TikTok a nettement perfectionné la méthode. L’application chinoise enregistre depuis toujours, sans scrupules et dans les moindres détails, le comportement de ses utilisatrices et utilisateurs, afin de faire correspondre le fil d’actualité à leur humeur. Presque indépendamment des chaînes auxquelles elles et ils se sont abonné-e-s. Le succès donne-t-il raison aux entreprises chinoises ? Ce débat agite le monde et la procédure de vente de la plateforme lancée par les États-Unis est un serpent de mer. Quant à la question de savoir à quel point l’entreprise collabore avec le gouvernement chinois, même sans réponse, elle reste pertinente.

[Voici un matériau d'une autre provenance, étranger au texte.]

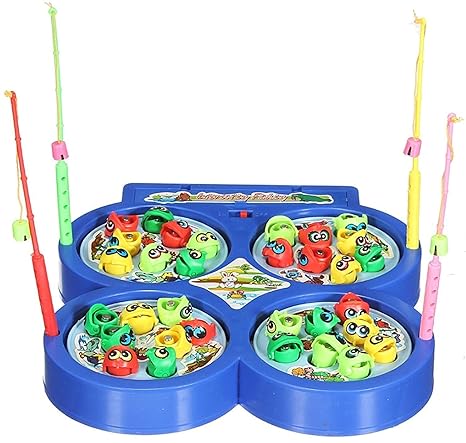 AM2926 Fishing Game LMI-9923 for Kids with Sound Include 32 Pieces Fishes and 4 Fishing Rod Fish Catching Game Multicolour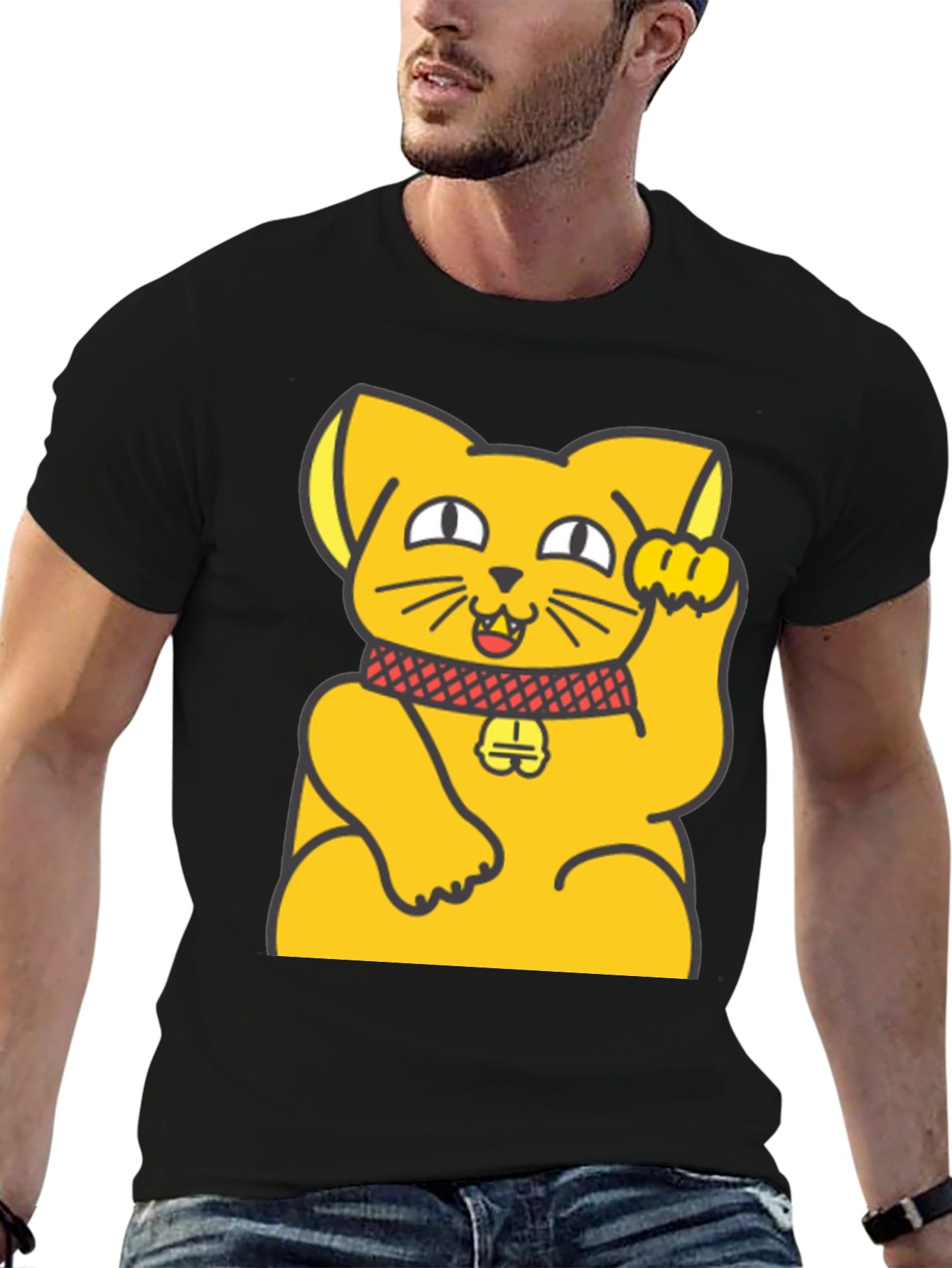 Black Lucky Cat Graphic T-Shirt - Unisex Black Cotton Tee view 6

Qui décide de ce qui est important ?
Laissons de côté les débats autour du temps perdu sur les écrans, de l’isolement et des influenceuses ou influenceurs à aspirations discutables. Quand on se penche sur les études consacrées à l’utilisation des médias par la génération Z, on saisit le rapport avec l’éducation politique. Un sondage réalisé par l’agence de publicité alémanique Neoviso affirmait en 2022 qu’en Suisse, la proportion de jeunes qui s’informaient via les réseaux sociaux atteignait 92 pour cent. Environ 50 pour cent consultaient également des journaux en ligne. En clair, les réseaux sociaux ont la préférence de la génération Z pour ce qui est de l’information. Les sujets varient beaucoup : près de 70 pour cent des personnes interrogées s’intéressent à l’actualité mondiale, à peu près la moitié à la politique et à l’environnement. La vidéo constitue manifestement le média le plus populaire (79 pour cent), suivie de l’image (68 pour cent) et du texte (63 pour cent). Une étude allemande révèle que la consommation croissante d’informations via les réseaux sociaux affecte aussi la manière dont on juge la fiabilité de telle ou telle personne. Sur Facebook et X (jadis Twitter), les médias d’information et chaînes de journalistes bénéficient d’une certaine crédibilité. Quant à Instagram et TikTok, le devant de leur scène revient plutôt à des célébrités, influenceuses ou influenceurs et autres particuliers, réparti-e-s en trois parts plus ou moins égales.
Alors que les plateformes classiques comme Facebook et X voient leur audience filer vers des médias visuels tels que TikTok, on peut bien sûr se demander qui décide de la pertinence des informations « consommées ». Cela est d’autant plus vrai que l’économie de l’attention penche clairement vers la tabloïdisation. Mais ne sous-estimons pas trop la compétence médiatique des jeunes : des études montrent aussi leur lucidité quant au caractère discutable d’une opinion formée en tout et pour tout via les réseaux sociaux. Les proches, la famille et les connaissances ont tout autant d’importance. Dans le sondage Neoviso précité, plus de la moitié des personnes interrogées ont déclaré s’informer sur l’actualité mondiale en échangeant avec leur entourage. Maik Fielitz, de l’Institut pour la démocratie et la société civile (IDZ), parle de « nouvelles sociales », ou « social news » : des informations évaluées différemment de celles que l’on peut voir ou entendre dans une émission. Peut-être est-il positif, en définitive, que l’évaluation repose désormais un peu plus sur les utilisateurs et utilisatrices plutôt que seulement sur les cerbères journalistiques ? C’est en tout cas mieux que de se fier aveuglément à un algorithme.